The district court dismissed Wilson's individual case outright. It reasoned that the provisions of the Plan governing termination expressly provided that on any given day, a representative was entitled only to bonuses for the students who had completed their full program or a full year of study. The Plan also explicitly reserved CEC's right to terminate the program at any time. The net effect of these two provisions was to give CEC the right to terminate the program on February 28, 2011, with respect to all bonuses for which the preconditions to payment had not yet been met. The court rejected Wilson's claim for unjust enrichment on the theory that a claim for unjust enrichment may not be brought where a contract governs the relationship between the parties. The court also noted that even if there was no enforceable contract, there was no unjust enrichment because Wilson was paid a salary for his work, and an employee does not unjustly enrich his employer if he "work[s] extra hard" in the hopes of earning a bonus.

II

For the reasons set forth in Judge Darrow's separate opinion, a majority of the panel has concluded that Wilson has successfully pleaded a claim for relief on his third theory—that CEC exercised its right to terminate the Plan in bad faith and in violation of the implied covenant of good faith and fair dealing.

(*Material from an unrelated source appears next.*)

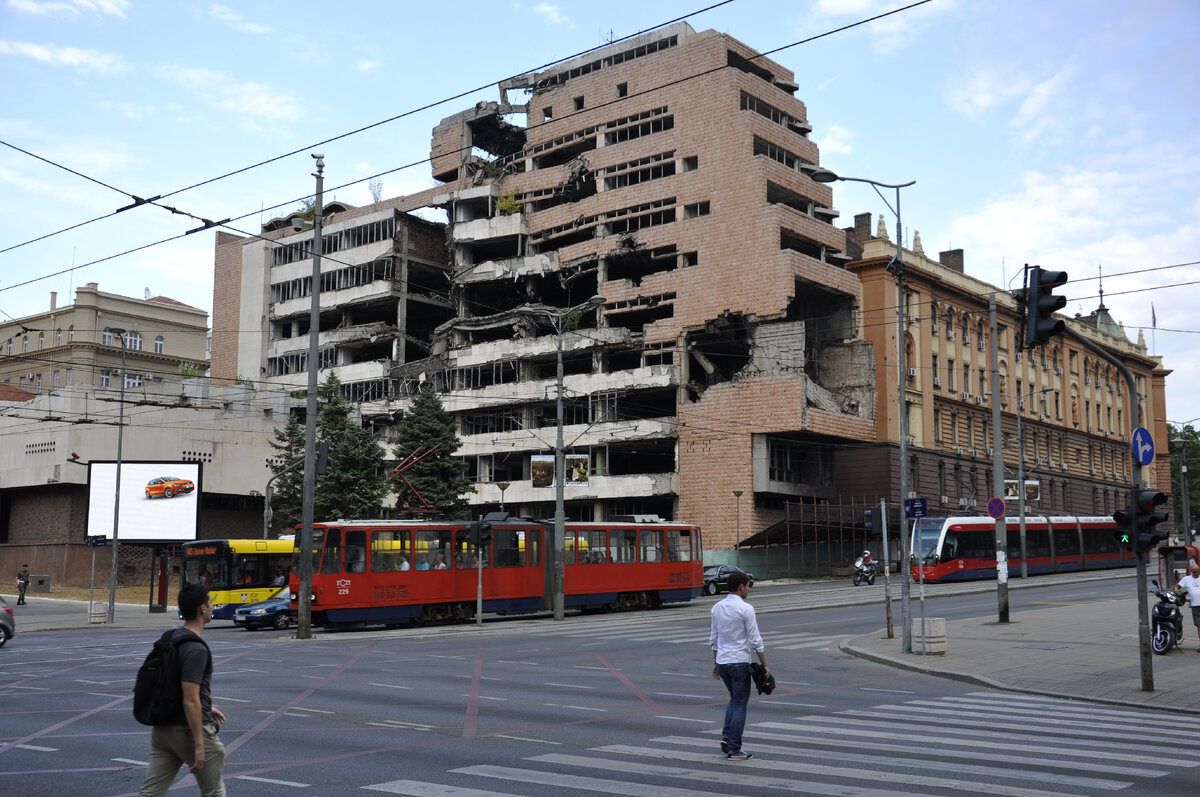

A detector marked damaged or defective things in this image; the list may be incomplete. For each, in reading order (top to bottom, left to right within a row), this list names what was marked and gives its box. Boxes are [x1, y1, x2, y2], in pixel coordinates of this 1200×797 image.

damaged concrete building [213, 23, 873, 554]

Judge Hamilton's separate opinion indicates his agreement with Judge Darrow's position on the implied- covenant theory and his disagreement with aspects of the majority's decision on the breach-of-contract theory. Judge Wood would affirm the judgment of the district court, and thus dissents from the ultimate disposition of the case. Judge Darrow, however, joins Judge Wood's conclusions (a) that CEC's bonus plan was an enforceable contract, (b) that CEC had the unambiguous right to terminate that contract and to refuse to pay bonuses for students in the pipeline, and (c) that the existence of an enforceable contract precludes any recovery under an unjust-enrichment theory. In the final analysis, this means that the judgment of the district court is reversed and the case is remanded to that court for further proceedings on the implied-covenant theory.

Darrow, District Judge, concurring.

I agree that the Plan was an enforceable contract for the reasons stated in Judge Wood's opinion, post. I also agree that because the Plan was an enforceable contract, the district court properly dismissed Wilson's unjust enrichment claim. I write separately because I find that although CEC did not breach the express terms of the Plan, Wilson has stated a plausible claim for breach of contract under an implied covenant of good faith and fair dealing theory.

I. CEC Did Not Breach the Express Terms of the Plan

In interpreting contract terms, a court must first look to the plain language of the contract itself. See Thompson v. Gordon, 948 N.E.2d 39, 47 (Ill. 2011); Current Tech. Concepts, Inc. v. Irie Ents., Inc., 530 N.W.2d 539, 543 (Minn. 1995). Reading the Plan's explicit definition of "earned" together with the Plan's termination clause shows that CEC had the right to terminate the Plan, at which time CEC was not obligated to pay bonuses covering a student who was in the pipeline at the time the Plan was terminated. The definition of "earned" in the Plan is clear: an employee does not earn a bonus until the recruited student actually graduates or completes one academic year. The Plan defines "earned":

[a]n employee is considered to have "earned" supplemental compensation under this Plan for the evaluation period during which his/her employment ends if, as of the employee's termination date, the employee has exceeded his/her MPG Threshold for that evaluation period for students who have successfully completed either their academic program or one academic year of their program.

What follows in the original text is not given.